Фурманов Дмитрий Андреевич
На подступах Октября

   Дмитрий Андреевич ФУРМАНОВ
   НА ПОДСТУПАХ ОКТЯБРЯ
   (1 мая 1917 г. в Иваново-Вознесенске)
   Рассказ
   Мы хотим, чтобы Первое мая было теплым, светло-солнечным днем. А сегодня так скверно: моросит изнурительный, бесконечный дождь; по выбоинам дорог хлюпает мутная вода; посерели и принахмурились дома, сараи, заборы, низко опустилось дымчатое, скучное небо.
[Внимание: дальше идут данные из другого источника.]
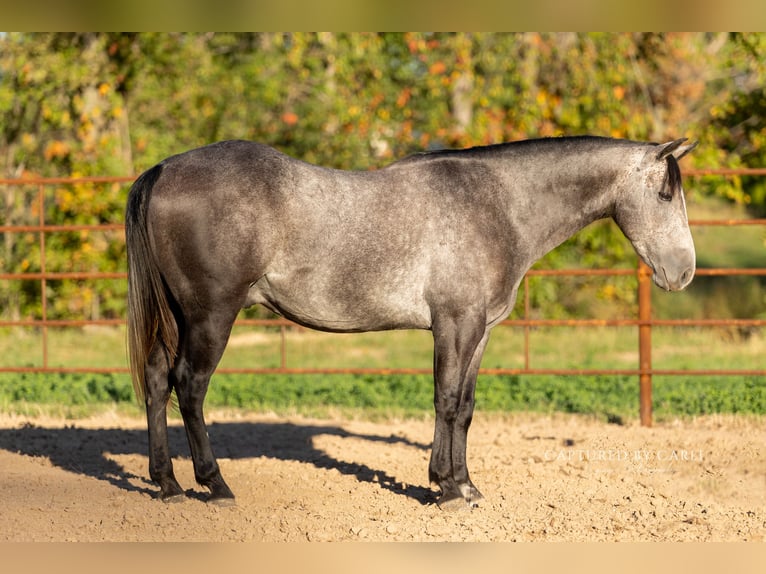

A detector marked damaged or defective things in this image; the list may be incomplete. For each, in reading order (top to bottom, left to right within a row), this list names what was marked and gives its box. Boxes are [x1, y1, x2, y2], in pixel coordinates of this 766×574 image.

   Ах! Первое мая должно быть совсем иным! И не только я - мы все ожидали его в лучах, в цветущей зелени, с голубым высоким небом.
   Теперь, я думаю, всем тяжело и обидно, как мне; даже не только обидно-тяжело, а опаска берет: "Ну, да как никто не придет, одни знаменосцы? Кому захочется в этакую гнусную слякоть истязать себя долгие часы? Не подумает ли каждый: "А пусть без меня... Что я один? И не приду хватит народу... Дай-ка пережду окаянную хмару..." Гвоздем торчала эта мысль. И беспокоила.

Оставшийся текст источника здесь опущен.